= Instructions to follow =
The answer is the full listing restated exactly, without any pictures.

= Dataset excerpt =
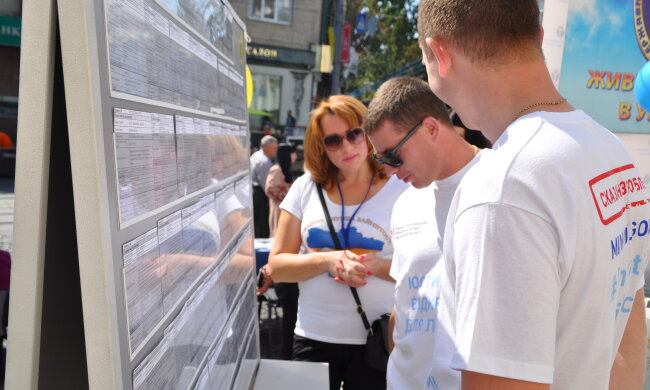 Грабували безробітних: скандал "на біржі" прогримів на всю Вінницю, апетити чиновників пробили дно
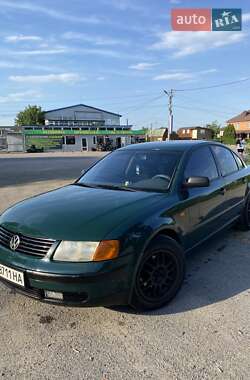Седан Volkswagen Passat 1997 в Знаменке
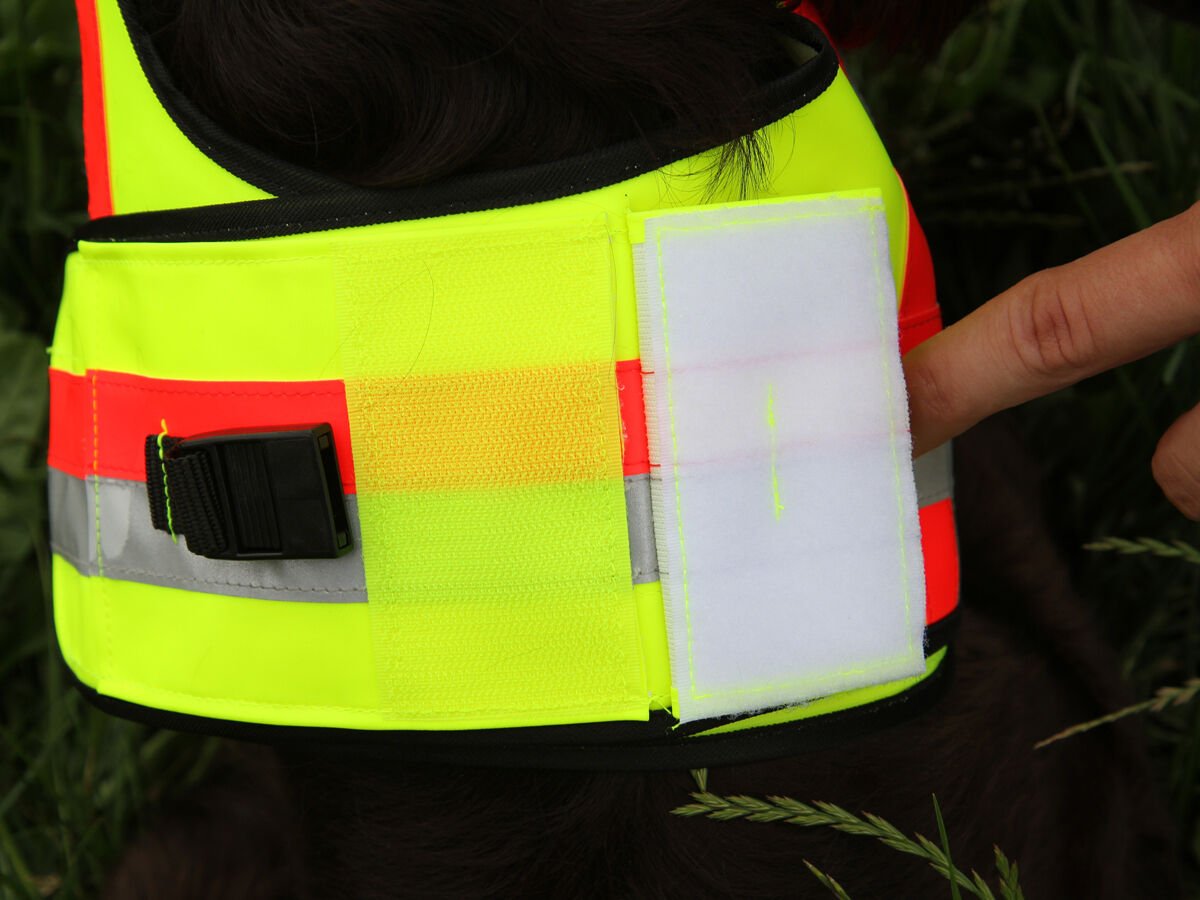 Hundesignalweste mit GPS Tasche und Schließe Hundesignalweste mit GPS Tasche und Schließe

= Written solution =
 Грабували безробітних: скандал "на біржі" прогримів на всю Вінницю, апетити чиновників пробили дно
Седан Volkswagen Passat 1997 в Знаменке
 Hundesignalweste mit GPS Tasche und Schließe Hundesignalweste mit GPS Tasche und Schließe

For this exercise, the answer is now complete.